→ **ACTION ITEM**
Extract the line that contains "Picture of 90+" and every line after it through the end of the records below, exactly as written, leaving out any pictures.

++++++++++

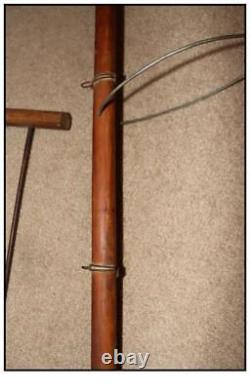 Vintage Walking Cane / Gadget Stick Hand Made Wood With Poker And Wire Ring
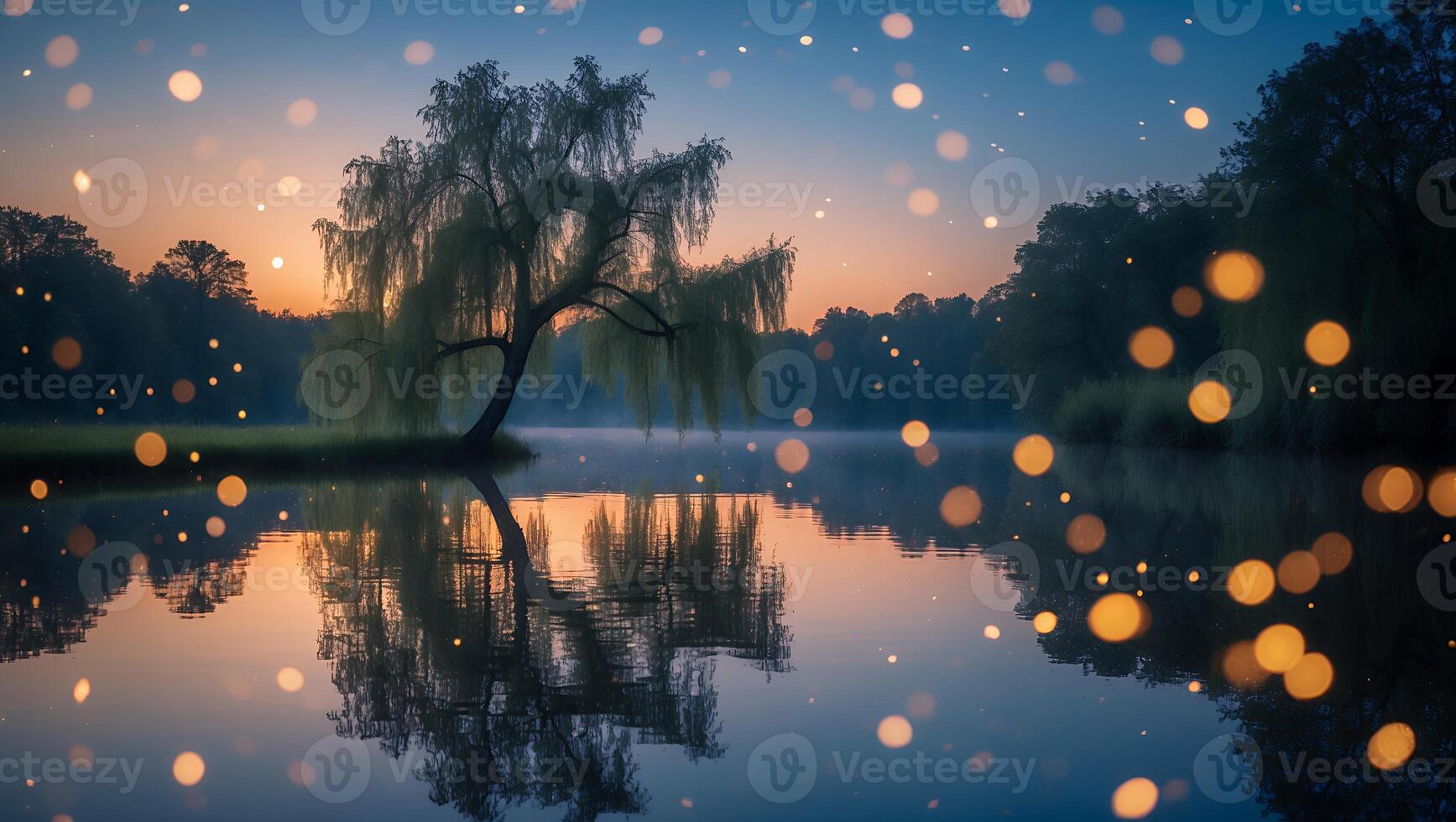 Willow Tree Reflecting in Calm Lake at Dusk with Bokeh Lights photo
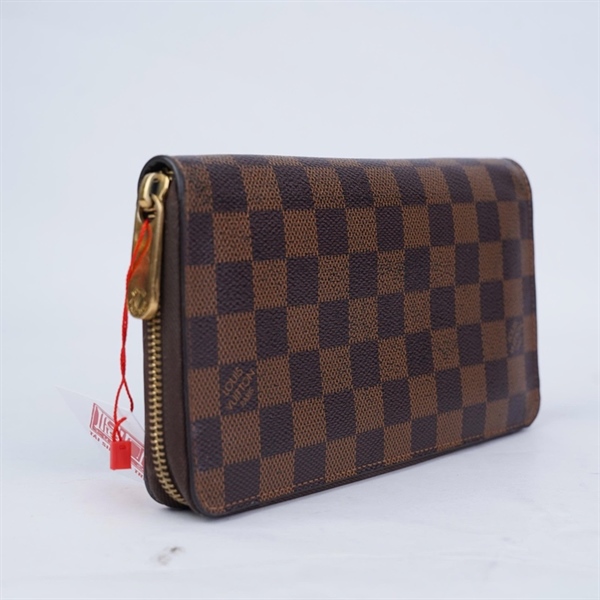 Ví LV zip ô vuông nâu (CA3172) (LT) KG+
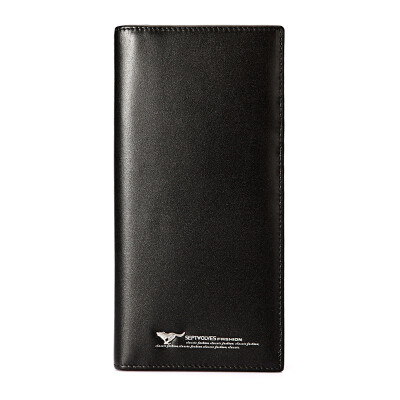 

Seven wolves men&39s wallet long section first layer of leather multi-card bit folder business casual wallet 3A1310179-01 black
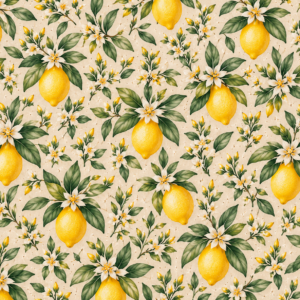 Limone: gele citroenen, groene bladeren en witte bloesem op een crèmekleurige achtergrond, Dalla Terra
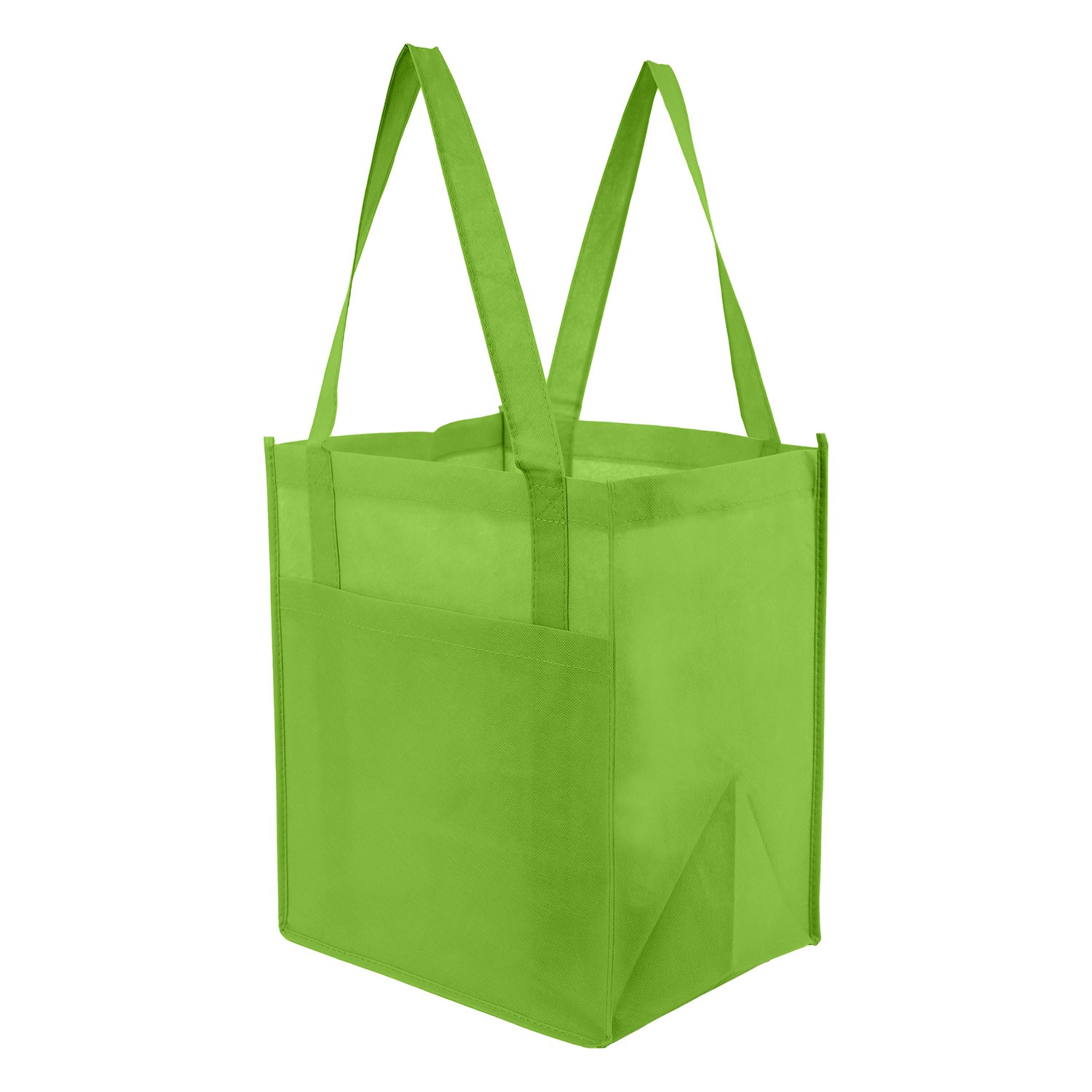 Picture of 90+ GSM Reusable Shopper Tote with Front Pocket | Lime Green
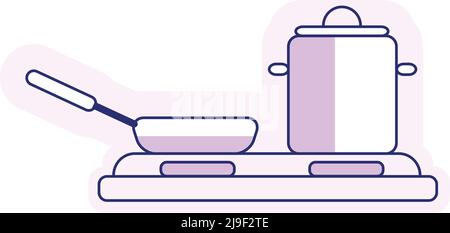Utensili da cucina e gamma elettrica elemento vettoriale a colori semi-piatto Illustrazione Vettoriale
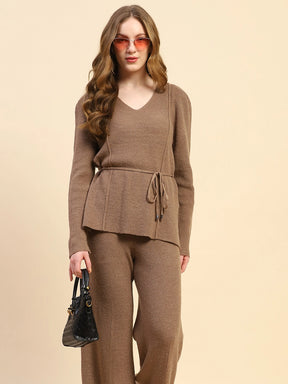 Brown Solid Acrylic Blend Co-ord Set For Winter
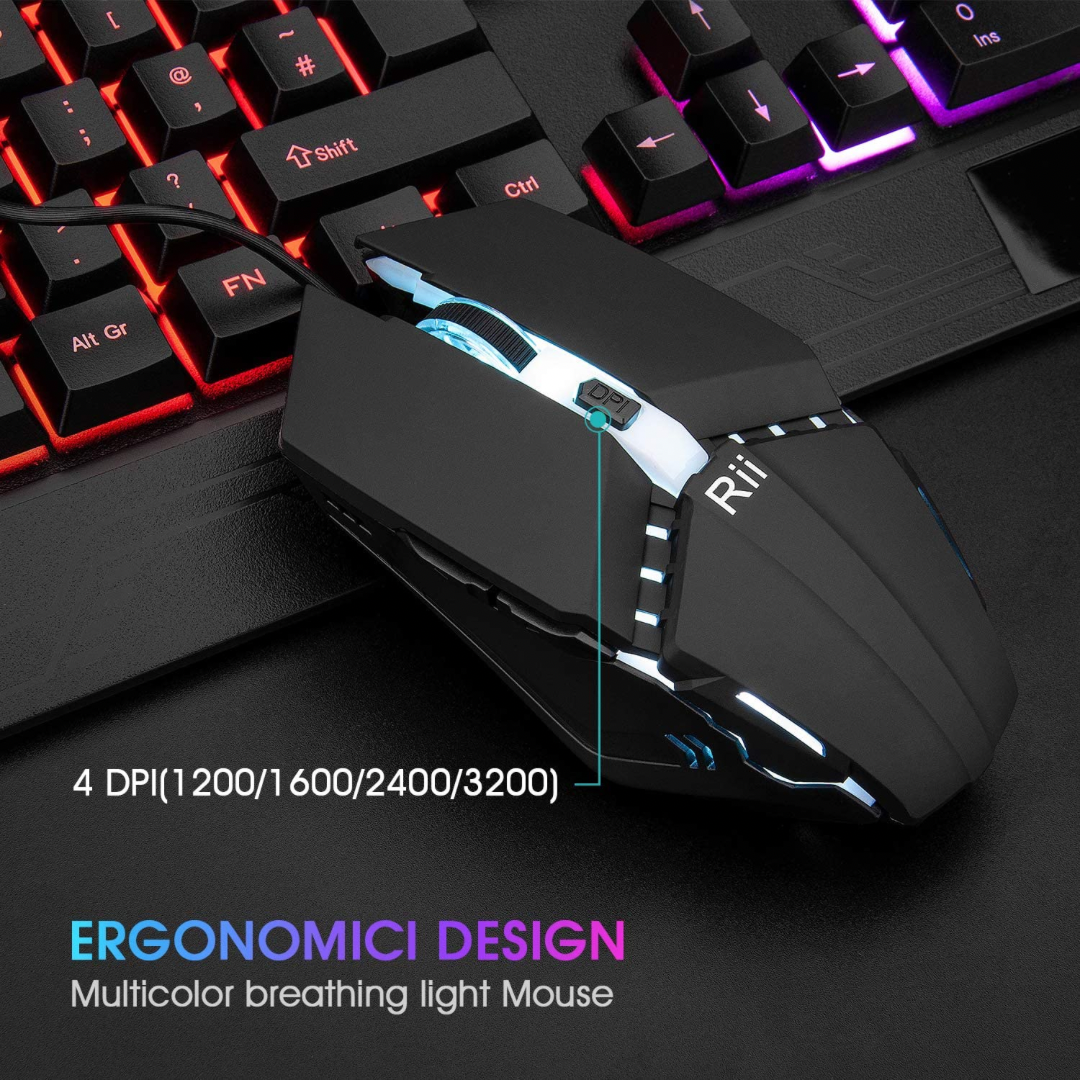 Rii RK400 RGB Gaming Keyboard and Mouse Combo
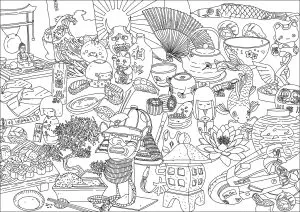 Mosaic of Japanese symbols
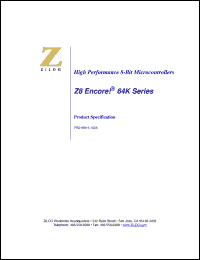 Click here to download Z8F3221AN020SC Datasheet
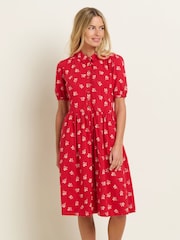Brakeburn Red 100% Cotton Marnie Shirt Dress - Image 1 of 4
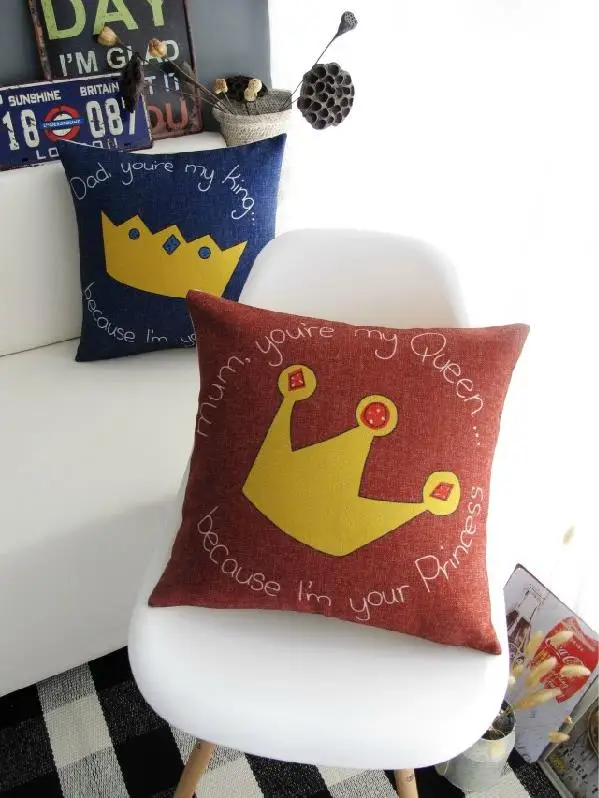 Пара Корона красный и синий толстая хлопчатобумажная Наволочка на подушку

++++++++++

→ **RESPONSE BOX**
 Picture of 90+ GSM Reusable Shopper Tote with Front Pocket | Lime Green
Utensili da cucina e gamma elettrica elemento vettoriale a colori semi-piatto Illustrazione Vettoriale
 Brown Solid Acrylic Blend Co-ord Set For Winter
 Rii RK400 RGB Gaming Keyboard and Mouse Combo
 Mosaic of Japanese symbols
 Click here to download Z8F3221AN020SC Datasheet
Brakeburn Red 100% Cotton Marnie Shirt Dress - Image 1 of 4
 Пара Корона красный и синий толстая хлопчатобумажная Наволочка на подушку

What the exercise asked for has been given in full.